> **Information shown**

—————

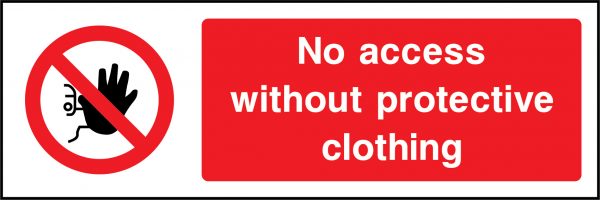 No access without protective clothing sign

—————

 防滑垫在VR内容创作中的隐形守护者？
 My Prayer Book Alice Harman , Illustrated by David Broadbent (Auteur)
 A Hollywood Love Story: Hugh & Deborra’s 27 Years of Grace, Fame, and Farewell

—————

> **Problem statement**
From the records above, transcribe exactly the run of lines that opens with the line holding "防滑垫在VR内容创作中的隐形守护者？" and closes with the line holding "A Hollywood Love", both included.

> **Answer to this task**
 防滑垫在VR内容创作中的隐形守护者？
 My Prayer Book Alice Harman , Illustrated by David Broadbent (Auteur)
 A Hollywood Love Story: Hugh & Deborra’s 27 Years of Grace, Fame, and Farewell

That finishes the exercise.